[[ Supplied material open ]]
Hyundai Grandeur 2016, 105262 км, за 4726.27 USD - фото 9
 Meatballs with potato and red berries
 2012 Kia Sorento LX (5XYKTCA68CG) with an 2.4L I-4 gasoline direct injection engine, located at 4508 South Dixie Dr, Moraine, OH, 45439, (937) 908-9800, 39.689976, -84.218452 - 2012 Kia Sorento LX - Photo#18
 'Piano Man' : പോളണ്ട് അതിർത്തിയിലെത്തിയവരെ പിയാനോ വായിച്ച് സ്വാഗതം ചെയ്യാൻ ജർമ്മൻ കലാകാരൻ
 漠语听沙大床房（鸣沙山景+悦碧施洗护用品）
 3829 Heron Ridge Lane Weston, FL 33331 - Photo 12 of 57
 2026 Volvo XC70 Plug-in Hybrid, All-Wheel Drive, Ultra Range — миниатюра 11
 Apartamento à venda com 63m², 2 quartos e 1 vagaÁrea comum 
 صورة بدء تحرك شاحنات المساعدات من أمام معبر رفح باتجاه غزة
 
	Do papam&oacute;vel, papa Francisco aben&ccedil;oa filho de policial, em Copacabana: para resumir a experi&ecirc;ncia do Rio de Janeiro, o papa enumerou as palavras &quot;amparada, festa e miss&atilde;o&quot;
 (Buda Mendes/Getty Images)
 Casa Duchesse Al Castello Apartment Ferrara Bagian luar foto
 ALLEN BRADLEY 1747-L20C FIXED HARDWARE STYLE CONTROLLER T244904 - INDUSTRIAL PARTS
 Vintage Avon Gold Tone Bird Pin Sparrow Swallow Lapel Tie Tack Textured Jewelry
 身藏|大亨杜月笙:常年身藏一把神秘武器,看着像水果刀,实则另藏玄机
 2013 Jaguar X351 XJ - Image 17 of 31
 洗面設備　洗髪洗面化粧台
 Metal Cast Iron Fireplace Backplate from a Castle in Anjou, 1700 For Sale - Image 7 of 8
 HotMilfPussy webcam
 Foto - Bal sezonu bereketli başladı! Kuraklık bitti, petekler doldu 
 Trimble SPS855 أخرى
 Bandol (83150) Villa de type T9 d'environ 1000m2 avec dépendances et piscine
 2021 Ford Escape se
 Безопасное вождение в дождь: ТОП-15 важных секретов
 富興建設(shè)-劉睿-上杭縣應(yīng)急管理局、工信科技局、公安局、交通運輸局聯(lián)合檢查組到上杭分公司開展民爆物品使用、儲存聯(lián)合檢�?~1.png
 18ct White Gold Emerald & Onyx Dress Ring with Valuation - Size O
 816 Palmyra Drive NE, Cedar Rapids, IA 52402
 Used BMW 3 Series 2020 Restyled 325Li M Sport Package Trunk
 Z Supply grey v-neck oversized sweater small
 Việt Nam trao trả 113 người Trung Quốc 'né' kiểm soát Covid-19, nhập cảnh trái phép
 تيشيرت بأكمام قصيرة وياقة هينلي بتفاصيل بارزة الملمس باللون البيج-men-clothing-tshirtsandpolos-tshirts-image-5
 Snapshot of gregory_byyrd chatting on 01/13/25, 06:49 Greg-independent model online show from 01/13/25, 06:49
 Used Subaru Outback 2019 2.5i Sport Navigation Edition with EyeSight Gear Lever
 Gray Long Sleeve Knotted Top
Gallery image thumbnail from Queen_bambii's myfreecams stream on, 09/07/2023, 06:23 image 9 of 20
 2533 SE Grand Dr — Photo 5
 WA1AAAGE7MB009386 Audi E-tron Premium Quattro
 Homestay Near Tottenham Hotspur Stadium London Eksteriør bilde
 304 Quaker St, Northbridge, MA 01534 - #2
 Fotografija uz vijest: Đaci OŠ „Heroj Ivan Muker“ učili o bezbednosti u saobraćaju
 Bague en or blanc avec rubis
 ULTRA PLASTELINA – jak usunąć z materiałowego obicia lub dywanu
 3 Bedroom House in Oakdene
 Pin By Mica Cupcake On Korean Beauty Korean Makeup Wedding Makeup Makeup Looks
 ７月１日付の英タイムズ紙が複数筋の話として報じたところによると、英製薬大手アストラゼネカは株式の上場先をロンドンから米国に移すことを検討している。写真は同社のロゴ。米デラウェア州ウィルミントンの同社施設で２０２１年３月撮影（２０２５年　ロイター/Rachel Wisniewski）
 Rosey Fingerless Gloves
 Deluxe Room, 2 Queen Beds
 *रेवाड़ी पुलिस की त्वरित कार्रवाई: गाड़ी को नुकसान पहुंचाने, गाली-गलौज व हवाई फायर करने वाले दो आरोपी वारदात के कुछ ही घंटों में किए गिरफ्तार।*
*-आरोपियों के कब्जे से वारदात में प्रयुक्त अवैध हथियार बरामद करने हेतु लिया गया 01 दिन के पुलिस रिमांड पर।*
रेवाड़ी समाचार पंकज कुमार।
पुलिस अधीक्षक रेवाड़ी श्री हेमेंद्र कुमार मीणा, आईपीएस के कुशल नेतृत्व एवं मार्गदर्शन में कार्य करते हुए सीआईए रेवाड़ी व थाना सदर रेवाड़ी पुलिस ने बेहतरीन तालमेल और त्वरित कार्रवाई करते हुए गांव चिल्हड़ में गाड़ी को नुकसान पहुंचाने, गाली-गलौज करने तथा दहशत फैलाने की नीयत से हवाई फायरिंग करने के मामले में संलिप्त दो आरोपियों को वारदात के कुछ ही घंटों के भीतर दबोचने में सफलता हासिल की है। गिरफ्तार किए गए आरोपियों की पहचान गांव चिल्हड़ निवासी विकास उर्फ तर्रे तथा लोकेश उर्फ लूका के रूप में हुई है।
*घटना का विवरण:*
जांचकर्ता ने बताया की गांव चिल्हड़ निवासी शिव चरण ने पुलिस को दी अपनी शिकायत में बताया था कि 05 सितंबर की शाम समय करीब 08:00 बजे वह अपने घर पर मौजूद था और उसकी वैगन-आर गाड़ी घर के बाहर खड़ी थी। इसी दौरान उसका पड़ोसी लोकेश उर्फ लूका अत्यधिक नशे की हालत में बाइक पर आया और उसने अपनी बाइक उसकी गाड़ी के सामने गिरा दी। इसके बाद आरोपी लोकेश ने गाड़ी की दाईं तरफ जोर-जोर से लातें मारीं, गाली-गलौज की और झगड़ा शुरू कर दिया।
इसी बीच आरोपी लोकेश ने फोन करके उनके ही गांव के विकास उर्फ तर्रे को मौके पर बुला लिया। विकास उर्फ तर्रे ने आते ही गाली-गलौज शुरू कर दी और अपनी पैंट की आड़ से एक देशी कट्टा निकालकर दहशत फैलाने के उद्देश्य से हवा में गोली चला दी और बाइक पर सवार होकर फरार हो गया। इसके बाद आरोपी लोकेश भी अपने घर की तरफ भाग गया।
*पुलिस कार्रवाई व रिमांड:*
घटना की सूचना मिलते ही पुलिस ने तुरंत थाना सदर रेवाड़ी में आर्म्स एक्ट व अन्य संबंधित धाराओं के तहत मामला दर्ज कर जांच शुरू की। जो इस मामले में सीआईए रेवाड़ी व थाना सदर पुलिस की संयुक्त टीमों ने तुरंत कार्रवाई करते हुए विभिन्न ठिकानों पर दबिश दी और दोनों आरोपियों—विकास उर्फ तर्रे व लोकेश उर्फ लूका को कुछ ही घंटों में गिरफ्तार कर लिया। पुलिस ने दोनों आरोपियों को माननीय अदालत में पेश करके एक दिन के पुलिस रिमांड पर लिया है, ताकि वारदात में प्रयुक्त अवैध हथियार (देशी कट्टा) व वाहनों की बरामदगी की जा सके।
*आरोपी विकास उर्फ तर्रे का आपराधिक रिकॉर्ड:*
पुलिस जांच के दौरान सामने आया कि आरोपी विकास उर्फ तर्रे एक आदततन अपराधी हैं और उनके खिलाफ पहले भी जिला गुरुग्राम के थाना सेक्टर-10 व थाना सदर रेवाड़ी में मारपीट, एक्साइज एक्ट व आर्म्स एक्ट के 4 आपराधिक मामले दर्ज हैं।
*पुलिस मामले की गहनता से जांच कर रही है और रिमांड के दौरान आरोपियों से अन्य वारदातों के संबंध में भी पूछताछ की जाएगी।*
[[ Supplied material closed ]]
→ **Task brief**: Lines from the beginning of the data above through the line containing "Trimble SPS855 أخرى" are to be returned exactly, and no others.

→ **Result below**:
Hyundai Grandeur 2016, 105262 км, за 4726.27 USD - фото 9
 Meatballs with potato and red berries
 2012 Kia Sorento LX (5XYKTCA68CG) with an 2.4L I-4 gasoline direct injection engine, located at 4508 South Dixie Dr, Moraine, OH, 45439, (937) 908-9800, 39.689976, -84.218452 - 2012 Kia Sorento LX - Photo#18
 'Piano Man' : പോളണ്ട് അതിർത്തിയിലെത്തിയവരെ പിയാനോ വായിച്ച് സ്വാഗതം ചെയ്യാൻ ജർമ്മൻ കലാകാരൻ
 漠语听沙大床房（鸣沙山景+悦碧施洗护用品）
 3829 Heron Ridge Lane Weston, FL 33331 - Photo 12 of 57
 2026 Volvo XC70 Plug-in Hybrid, All-Wheel Drive, Ultra Range — миниатюра 11
 Apartamento à venda com 63m², 2 quartos e 1 vagaÁrea comum 
 صورة بدء تحرك شاحنات المساعدات من أمام معبر رفح باتجاه غزة
 
	Do papam&oacute;vel, papa Francisco aben&ccedil;oa filho de policial, em Copacabana: para resumir a experi&ecirc;ncia do Rio de Janeiro, o papa enumerou as palavras &quot;amparada, festa e miss&atilde;o&quot;
 (Buda Mendes/Getty Images)
 Casa Duchesse Al Castello Apartment Ferrara Bagian luar foto
 ALLEN BRADLEY 1747-L20C FIXED HARDWARE STYLE CONTROLLER T244904 - INDUSTRIAL PARTS
 Vintage Avon Gold Tone Bird Pin Sparrow Swallow Lapel Tie Tack Textured Jewelry
 身藏|大亨杜月笙:常年身藏一把神秘武器,看着像水果刀,实则另藏玄机
 2013 Jaguar X351 XJ - Image 17 of 31
 洗面設備　洗髪洗面化粧台
 Metal Cast Iron Fireplace Backplate from a Castle in Anjou, 1700 For Sale - Image 7 of 8
 HotMilfPussy webcam
 Foto - Bal sezonu bereketli başladı! Kuraklık bitti, petekler doldu 
 Trimble SPS855 أخرى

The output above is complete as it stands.